+++ DATA PROVIDED

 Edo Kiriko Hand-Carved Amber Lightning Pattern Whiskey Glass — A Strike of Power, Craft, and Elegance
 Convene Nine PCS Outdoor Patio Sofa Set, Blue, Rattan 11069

++++++
+++ DATA PROVIDED

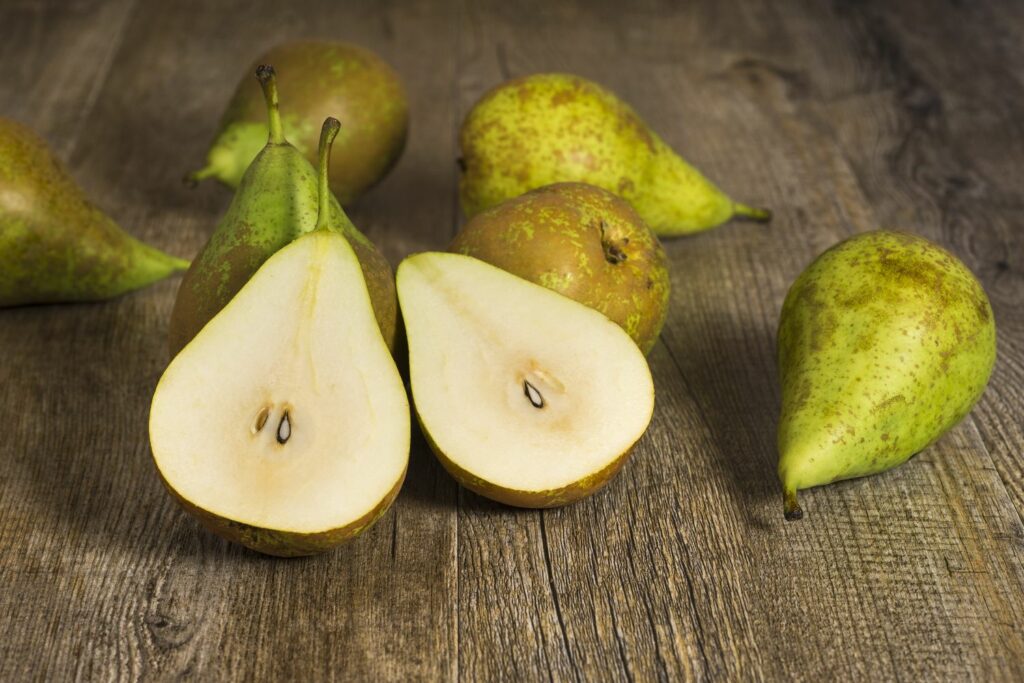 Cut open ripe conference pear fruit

++++++

From the data above, output only the lines between the line containing "Edo Kiriko Hand-Carved" and the line containing "Convene Nine PCS", inclusive, exactly as written.

 Edo Kiriko Hand-Carved Amber Lightning Pattern Whiskey Glass — A Strike of Power, Craft, and Elegance
 Convene Nine PCS Outdoor Patio Sofa Set, Blue, Rattan 11069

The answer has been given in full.